You can't help but wonder how many of these relatively small "privacy concerns" are red herrings being voiced by those who are in fact pulling off far greater nosiness, outright unconstitutional intrusion, or maybe just trying to get us to look the other way so we don't notice things like – oh, I don't know – that a former KKK leader is now third in the line of presidential successors (swearing-in day headline: "The Kleagle has landed").
When our right to privacy is threatened, we need to ask ourselves if those entities who claim to be defending us are doing so for constitutional reasons, or simply because they're trying to eliminate the competition. Too often it's the latter.
On the issue of warrants, why should we expect a federal court – that perhaps just the day before ruled that an old lady could be kicked out of a home she's owned for decades due to "eminent domain" laws, or that school kids have no right to sexual privacy – to suddenly become the infallible entity that will protect our privacy as it concerns our mail? In the answer to that question lies what this mail warrant mess is really all about: politics, not privacy.

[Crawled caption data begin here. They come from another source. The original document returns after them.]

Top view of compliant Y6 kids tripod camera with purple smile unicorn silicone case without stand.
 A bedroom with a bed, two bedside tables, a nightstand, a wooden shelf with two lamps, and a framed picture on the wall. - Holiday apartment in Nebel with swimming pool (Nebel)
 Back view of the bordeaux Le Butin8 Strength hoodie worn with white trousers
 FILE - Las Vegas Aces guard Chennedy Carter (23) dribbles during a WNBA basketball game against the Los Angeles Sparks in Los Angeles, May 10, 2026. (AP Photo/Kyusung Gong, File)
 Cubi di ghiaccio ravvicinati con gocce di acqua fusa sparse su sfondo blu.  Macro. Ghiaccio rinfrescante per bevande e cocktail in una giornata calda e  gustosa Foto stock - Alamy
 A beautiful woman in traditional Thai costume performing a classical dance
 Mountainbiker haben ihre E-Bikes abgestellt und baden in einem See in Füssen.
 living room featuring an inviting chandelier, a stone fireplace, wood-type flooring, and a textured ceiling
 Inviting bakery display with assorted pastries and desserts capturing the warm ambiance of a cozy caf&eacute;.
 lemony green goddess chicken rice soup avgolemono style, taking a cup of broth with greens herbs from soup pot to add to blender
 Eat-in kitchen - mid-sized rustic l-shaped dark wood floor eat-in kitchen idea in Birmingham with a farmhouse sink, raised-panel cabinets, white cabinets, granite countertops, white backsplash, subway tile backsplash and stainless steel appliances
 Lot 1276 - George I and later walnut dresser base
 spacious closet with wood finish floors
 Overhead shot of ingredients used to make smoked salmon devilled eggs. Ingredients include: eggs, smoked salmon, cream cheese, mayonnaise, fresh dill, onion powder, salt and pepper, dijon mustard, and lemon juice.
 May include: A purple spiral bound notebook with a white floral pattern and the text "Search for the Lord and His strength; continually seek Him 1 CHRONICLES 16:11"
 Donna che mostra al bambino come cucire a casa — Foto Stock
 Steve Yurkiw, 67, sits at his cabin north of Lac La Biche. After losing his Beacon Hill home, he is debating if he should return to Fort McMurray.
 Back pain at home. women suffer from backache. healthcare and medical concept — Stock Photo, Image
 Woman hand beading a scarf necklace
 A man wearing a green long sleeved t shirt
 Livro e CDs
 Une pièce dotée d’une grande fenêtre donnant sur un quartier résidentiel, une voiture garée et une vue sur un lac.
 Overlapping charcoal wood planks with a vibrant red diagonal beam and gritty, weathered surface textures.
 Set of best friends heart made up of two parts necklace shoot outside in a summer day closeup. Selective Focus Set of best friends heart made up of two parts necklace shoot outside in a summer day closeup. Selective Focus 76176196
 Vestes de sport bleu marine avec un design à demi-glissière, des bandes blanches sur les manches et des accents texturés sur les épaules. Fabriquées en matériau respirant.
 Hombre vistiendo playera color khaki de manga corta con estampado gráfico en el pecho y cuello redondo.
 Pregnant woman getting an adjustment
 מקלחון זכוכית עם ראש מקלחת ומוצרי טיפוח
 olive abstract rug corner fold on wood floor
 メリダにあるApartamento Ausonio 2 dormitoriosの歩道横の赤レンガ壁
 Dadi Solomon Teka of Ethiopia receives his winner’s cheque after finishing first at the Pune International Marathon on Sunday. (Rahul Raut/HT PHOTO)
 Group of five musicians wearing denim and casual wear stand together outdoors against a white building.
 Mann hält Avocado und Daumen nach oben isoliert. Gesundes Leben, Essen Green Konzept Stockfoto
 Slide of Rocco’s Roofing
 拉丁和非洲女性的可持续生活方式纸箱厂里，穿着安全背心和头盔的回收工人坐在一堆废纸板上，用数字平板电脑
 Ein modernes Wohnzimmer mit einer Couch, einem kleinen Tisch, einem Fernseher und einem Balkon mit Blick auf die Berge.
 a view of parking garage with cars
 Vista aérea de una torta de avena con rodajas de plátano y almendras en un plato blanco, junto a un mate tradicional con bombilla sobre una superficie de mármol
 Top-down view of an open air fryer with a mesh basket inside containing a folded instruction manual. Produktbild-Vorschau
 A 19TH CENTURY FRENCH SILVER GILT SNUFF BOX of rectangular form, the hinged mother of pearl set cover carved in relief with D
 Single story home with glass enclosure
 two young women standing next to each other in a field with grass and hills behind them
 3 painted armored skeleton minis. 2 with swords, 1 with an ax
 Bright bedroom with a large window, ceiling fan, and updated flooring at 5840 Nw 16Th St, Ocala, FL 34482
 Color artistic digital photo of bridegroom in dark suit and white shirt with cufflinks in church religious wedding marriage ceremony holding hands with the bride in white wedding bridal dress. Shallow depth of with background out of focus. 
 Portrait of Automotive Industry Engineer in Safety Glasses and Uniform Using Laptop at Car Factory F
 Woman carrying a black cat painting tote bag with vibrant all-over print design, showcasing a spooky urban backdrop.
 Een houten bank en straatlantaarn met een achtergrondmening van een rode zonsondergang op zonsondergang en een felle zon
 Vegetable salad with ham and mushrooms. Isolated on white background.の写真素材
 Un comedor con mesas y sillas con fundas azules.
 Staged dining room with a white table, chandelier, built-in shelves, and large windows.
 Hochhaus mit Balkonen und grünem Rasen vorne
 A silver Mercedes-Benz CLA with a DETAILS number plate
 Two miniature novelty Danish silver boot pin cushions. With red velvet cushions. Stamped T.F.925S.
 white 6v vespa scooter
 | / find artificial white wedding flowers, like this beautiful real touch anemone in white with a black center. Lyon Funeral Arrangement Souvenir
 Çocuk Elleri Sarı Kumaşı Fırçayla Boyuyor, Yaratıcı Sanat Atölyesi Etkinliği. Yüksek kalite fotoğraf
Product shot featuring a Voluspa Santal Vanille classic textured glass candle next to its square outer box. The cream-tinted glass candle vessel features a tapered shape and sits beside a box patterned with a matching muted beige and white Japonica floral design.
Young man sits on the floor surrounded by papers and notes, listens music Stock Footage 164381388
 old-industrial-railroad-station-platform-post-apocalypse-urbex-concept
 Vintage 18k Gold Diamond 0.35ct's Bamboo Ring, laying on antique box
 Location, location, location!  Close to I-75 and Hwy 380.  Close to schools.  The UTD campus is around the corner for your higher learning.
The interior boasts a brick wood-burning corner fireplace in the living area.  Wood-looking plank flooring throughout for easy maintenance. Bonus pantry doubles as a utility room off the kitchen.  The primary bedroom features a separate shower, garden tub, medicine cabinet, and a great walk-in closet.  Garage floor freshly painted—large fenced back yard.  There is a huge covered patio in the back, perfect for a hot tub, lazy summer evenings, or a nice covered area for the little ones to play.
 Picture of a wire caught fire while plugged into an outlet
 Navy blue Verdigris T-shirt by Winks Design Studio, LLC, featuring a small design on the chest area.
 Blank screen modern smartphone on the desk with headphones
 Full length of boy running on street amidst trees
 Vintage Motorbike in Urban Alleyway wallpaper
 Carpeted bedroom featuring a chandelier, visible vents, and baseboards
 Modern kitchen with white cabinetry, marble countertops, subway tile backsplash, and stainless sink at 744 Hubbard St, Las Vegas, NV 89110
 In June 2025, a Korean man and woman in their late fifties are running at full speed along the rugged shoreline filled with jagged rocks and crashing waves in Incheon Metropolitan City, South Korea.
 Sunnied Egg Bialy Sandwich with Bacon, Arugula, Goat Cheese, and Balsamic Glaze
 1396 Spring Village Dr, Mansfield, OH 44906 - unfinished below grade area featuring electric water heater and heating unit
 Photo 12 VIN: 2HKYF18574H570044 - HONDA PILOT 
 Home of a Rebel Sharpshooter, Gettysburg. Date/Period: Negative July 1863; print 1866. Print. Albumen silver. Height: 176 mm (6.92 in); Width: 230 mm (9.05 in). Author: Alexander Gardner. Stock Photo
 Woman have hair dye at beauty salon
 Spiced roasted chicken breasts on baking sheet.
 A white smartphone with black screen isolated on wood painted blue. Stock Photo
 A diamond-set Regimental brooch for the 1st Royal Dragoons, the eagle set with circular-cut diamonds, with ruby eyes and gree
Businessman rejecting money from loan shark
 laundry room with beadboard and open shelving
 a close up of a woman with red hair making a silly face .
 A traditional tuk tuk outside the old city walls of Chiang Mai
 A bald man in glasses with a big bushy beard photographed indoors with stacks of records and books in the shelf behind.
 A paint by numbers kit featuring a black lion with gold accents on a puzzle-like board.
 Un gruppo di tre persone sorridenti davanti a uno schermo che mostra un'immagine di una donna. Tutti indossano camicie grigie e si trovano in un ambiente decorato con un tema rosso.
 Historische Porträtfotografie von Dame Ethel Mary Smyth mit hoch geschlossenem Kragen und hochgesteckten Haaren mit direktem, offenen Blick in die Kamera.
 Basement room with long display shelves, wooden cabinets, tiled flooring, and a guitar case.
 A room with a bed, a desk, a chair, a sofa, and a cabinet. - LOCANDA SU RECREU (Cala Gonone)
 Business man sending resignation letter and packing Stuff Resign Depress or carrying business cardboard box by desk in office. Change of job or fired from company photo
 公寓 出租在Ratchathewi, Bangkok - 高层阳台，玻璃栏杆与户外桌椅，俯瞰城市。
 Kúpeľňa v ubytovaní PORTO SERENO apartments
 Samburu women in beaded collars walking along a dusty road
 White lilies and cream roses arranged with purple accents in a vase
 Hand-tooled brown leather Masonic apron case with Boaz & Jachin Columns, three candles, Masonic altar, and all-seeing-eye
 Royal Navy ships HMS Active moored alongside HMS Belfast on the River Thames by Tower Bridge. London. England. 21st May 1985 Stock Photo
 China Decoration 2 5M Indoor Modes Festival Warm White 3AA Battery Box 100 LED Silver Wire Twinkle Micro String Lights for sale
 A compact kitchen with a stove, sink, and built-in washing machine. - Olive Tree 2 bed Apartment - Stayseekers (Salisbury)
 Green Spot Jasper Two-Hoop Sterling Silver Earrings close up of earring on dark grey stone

All this fuss is about, at least from the president's perspective, trying to flush out terrorists who want to do us all physical harm. In that aspect, there's a very fine line between the "war on terror" and "national health care." In other words, if President Bush spins this properly, Hillary herself will be in the back room of the Chappequa Post Office ripping open envelopes until the cows, not to mention Bill, come home – all with the court's blessing.